The U.S. Supreme Court has given President Donald Trump’s administration the green light to deport eight immigrants held at an American military base in Djibouti to war-torn South Sudan.
The immigrants, who have been held under guard for more than a month, are mainly from Vietnam, South Korea, Mexico, Laos, Cuba, and Myanmar.
They have been convicted of serious crimes in the U.S. and also detained at Camp Lemonnier, a military base, ever since.
They spent almost all their time inside a modular, air-conditioned container, which the military typically uses as a conference room, according to a New York Times report.
The court gave the order on Thursday after its conservative majority last month decided that immigration officials can quickly deport people to countries to which they have no connection.
The order paused a district judge’s earlier ruling that immigrants being sent to third countries must first be allowed to prove they would face torture, persecution, or death if they were sent there.
An administration official said it would promptly send the men to the war-torn nation.
The U.S. and South Sudan authorities have not disclosed what will happen to the men upon their arrival. It is the second time that the court will rule in the case.
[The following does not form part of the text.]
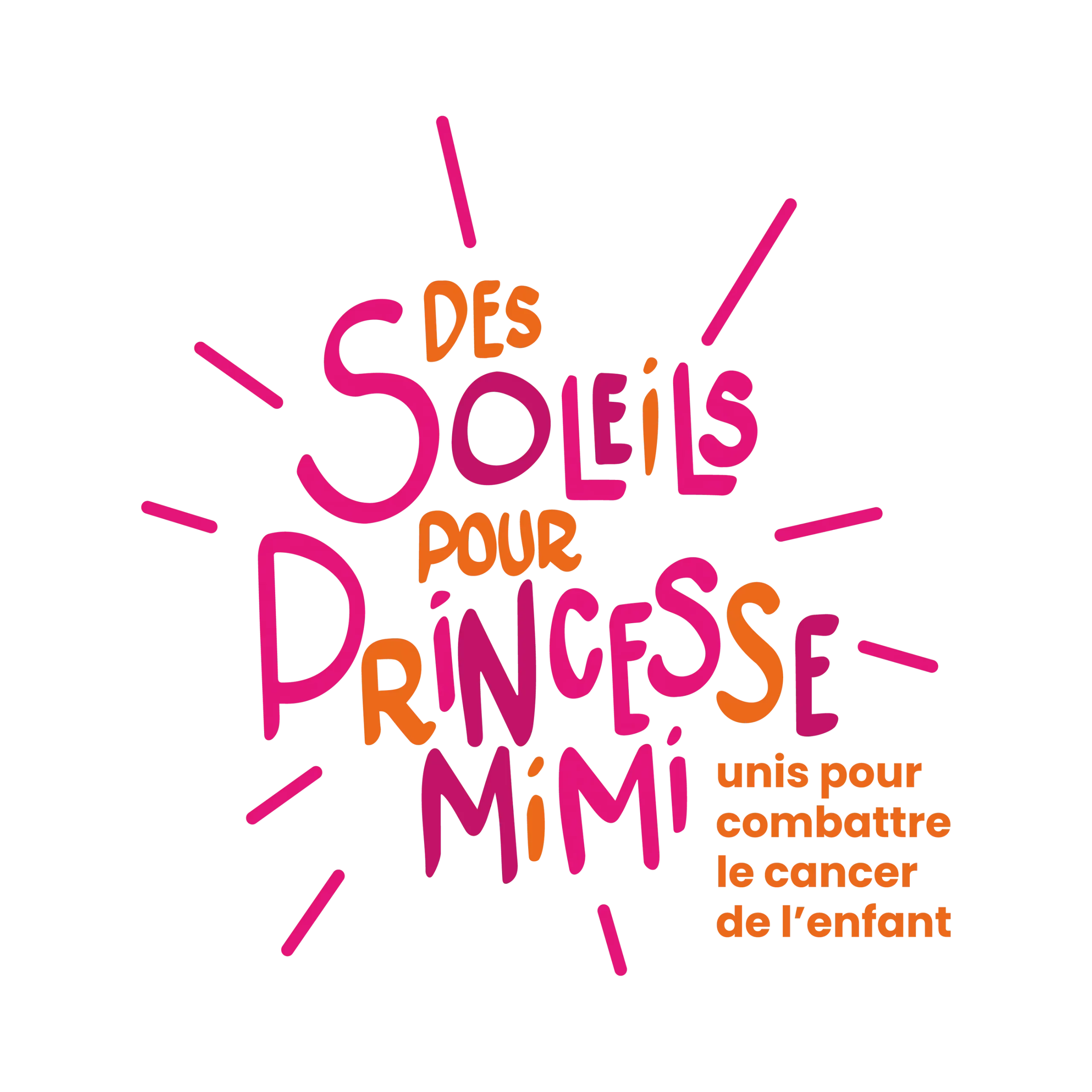 Association dont le logo symbolise le soutien aux familles touchées par le cancer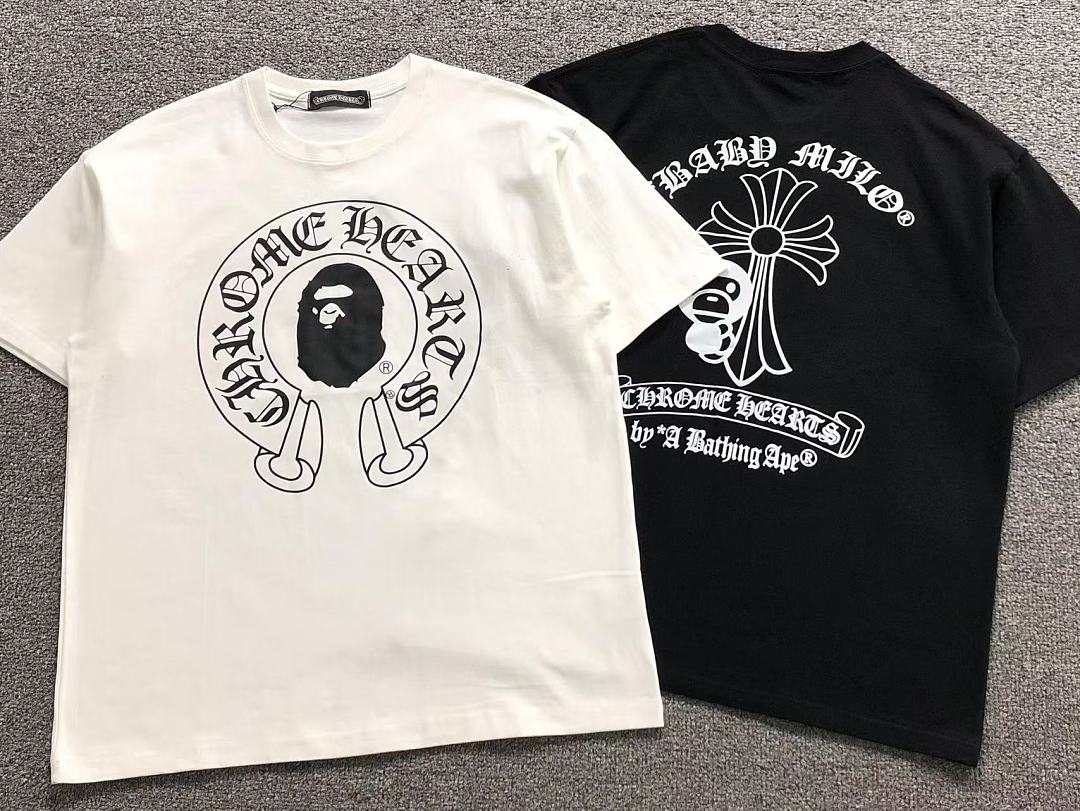 Bape 88 C⭐⭐OME HE⭐⭐TS BAPE T-SHIRT 1282602177 (Im 170Cm 60Kg I Wear Size M In The Phot) - Image 6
Last month, the court paused a trial judge’s order that had barred the administration from deporting migrants to countries other than their own unless they had a chance to argue that they would face torture.
Amid the development, lawyers for the eight men rushed back to the trial judge, who blocked their removal again.
One of the lawyers for the eight men and executive director of the National Immigration Litigation Alliance, Trina Realmuto, said that the eight men could “face perilous conditions, and potentially immediate detention, upon arrival”.
In May this year, Mr Trump’s government loaded eight men on a plane said to be headed to South Sudan, a violence-plagued African country where only one held citizenship.
But judge Brian Murphy of the U.S. District Court in Boston intervened, and their flight landed instead in the East African nation of Djibouti.
Tricia McLaughlin, a spokeswoman for the Department of Homeland Security, welcomed Thursday’s ruling.
“These sickos will be in South Sudan by Independence Day,” she said.